A message can be sent to the calling thread via the mr_send() primitive. The message is received into the area pointed to by request. Note that the sending thread then blocks until a reply message is received. This reply message is sent by the receiver using mr_reply().
The portmask implements a selective accept mechanism using the ports defined by mr_init() and the signals availble to the thread. This argument is a 32 bit port mask indicating which ports the thread is willing to accept a message through. The ports are numbered 0 through 31. To accept from port n, bit (1 << n ) must be set in the portmask.
The mr_init() function must be called before mr_receive can be called. The ports argument to mr_init() limits how many ports can actually be received through. It is not an error to set a port in the portmask higher than ports, but no messages will come through the port.
A signal may be sent to the calling thread by threads or ISRs via the mr_sigpost() primitive.
The sigmask implements part of the selective accept mechanism. This argument works just like the portmask described above. All threads can accept all 32 signals, there is no limit as in ports.
The actual port or signal received is set in outport. The value returned in outport is the port or signal number, not it’s mask. The argument outport may be NULL if this value is not needed.

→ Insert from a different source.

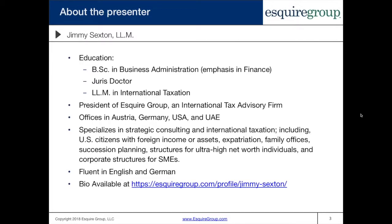Just a bit about myself. My name is Jimmy Sexton. I have a bachelor's in business administration with an emphasis in finance, a JD, and an LLM in international taxation. I'm the founder and CEO of Esquire Group, which is an international tax advisory firm with offices in Austria, Germany, the U.S., and the United Arab Emirates. I specialize in strategic consulting and international taxation, including U.S. citizens with foreign income or assets, expatriation, family offices, succession planning, structures for high net worth individuals, corporate structures for SMEs, and foreign investment in the United States. I'm fluent in English and German. You can check out my full bio at EsquireGroup.com.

The timeout argument specifies the time that the caller is willing to wait before the system should indicate that the no signal or message was received. The define FOREVER can be defined if the call should never timeout.
Signals of each value are not queued for the thread by the system; therefore, a thread cannot have more than one outstanding signal of each value at any time. The lower a signal’s value, the higher its priority; the system does not interpret the value of signals in any other way.
Signals are not to be confused with POSIX signals. They are used to transmit binary events from ISRs to threads and other OS events to threads without blocking the sender. They only occur once – multiple occurances of signals register as a single binary event.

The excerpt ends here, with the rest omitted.